In his famous defence of negative liberty, Berlin insisted that values or ends are plural, and further, the pursuit of one end necessarily implies that other ends will not be achieved. In this sense ends collide. In economic terms, the pursuit of one end entails opportunity costs: foregone pursuits which cannot be impersonally shown to be less worthy. There is no interpersonally justifiable way to rank the ends, and no way to achieve them all. Each person must devote herself to some ends at the cost of ignoring others. For the pluralist, then, autonomy, perfection or development are not necessarily ranked higher than hedonistic pleasures, environmental preservation or economic equality. All compete for our allegiance, but because they are incommensurable, no choice can be interpersonally justified.

The pluralist is not a subjectivist: that values are many, competing and incommensurable does not imply that they are somehow dependent on subjective experiences. But the claim that what a person values rests on experiences that vary from person to person has long been a part of the liberal tradition. To Hobbes, what one values depends on what one desires (1948 [1651]: 48). Locke advances a ‘taste theory of value’:

The Mind has a different relish, as well as the Palate; and you will as fruitlessly endeavour to delight all Man with Riches or Glory, (which yet some Men place their Happiness in,) as you would satisfy all men’s Hunger with Cheese or Lobsters; which, though very agreeable and delicious fare to some, are to others extremely nauseous and offensive: And many People would with reason preferr [sic] the griping of an hungry Belly, to those Dishes, which are a Feast to others. Hence it was, I think, that the Philosophers of old did in vain enquire, whether the Summum bonum consisted in Riches, or bodily Delights, or Virtue, or Contemplation: And they might have as reasonably disputed, whether the best Relish were to be found in Apples, Plumbs or Nuts; and have divided themselves into Sects upon it.

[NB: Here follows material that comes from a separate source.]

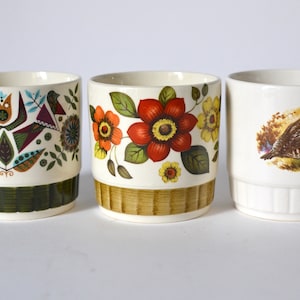 Könnte beinhalten: Drei Keramikbecher mit dekorativen Designs. Ein Becher hat ein Blumenmuster mit roten, orangefarbenen und gelben Blumen. Ein weiterer hat ein Vogel- und Blumenmuster, und der dritte hat eine Vogelillustration.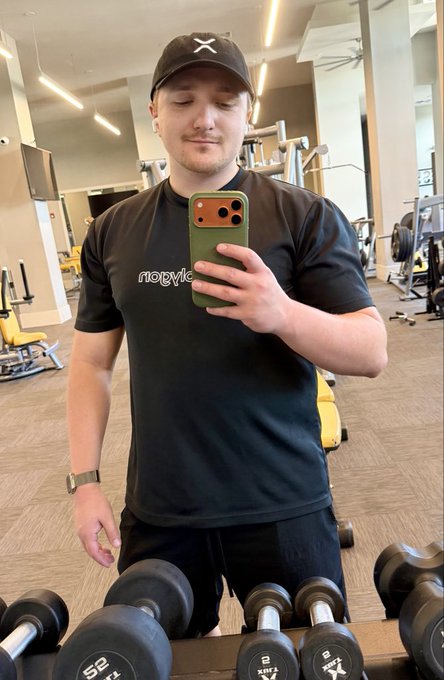 A man wearing a black cap and 'nopic' t-shirt takes a mirror selfie in a gym, with dumbbells and workout equipment visible around him.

For…pleasant Tastes depend not on the things themselves, but their agreeableness to this or that particulare Palate, wherein there is great variety…(1975 [1706]: 269).

The perfectionist, the pluralist and the subjectivist concur on the crucial point: the nature of value is such that reasonable people pursue different ways of living. To the perfectionist, this is because each person has unique capacities, the development of which confers value on her life; to the pluralist, it is because values are many and conflicting, and no one life can include them all, or make the interpersonally correct choice among them; and to the subjectivist, it is because our ideas about what is valuable stem from our desires or tastes, and these differ from one individual to another. All three views, then, defend the basic liberal idea that people rationally follow different ways of living. But in themselves, such notions of the good are not full-fledged liberal ethics, for an additional argument is required linking liberal value with norms of equal liberty, and to the idea that other people command a certain respect and a certain deference simply by virtue of having values of their own. To be sure, Berlin seems to believe this is a very quick argument: the inherent plurality of ends points to the political preeminence of liberty (see, for example, Gray: 2006). Guaranteeing each a measure of negative liberty is, Berlin argues, the most humane ideal, as it recognizes that ‘human goals are many’, and no one can make a choice that is right for all people (1969: 171). It is here that subjectivists and pluralists alike sometimes rely on versions of moral contractualism. Those who insist that liberalism is ultimately nihilistic can be interpreted as arguing that this transition cannot be made successfully: liberals, on their view, are stuck with a subjectivistic or pluralistic theory of value, and no account of the right emerges from it.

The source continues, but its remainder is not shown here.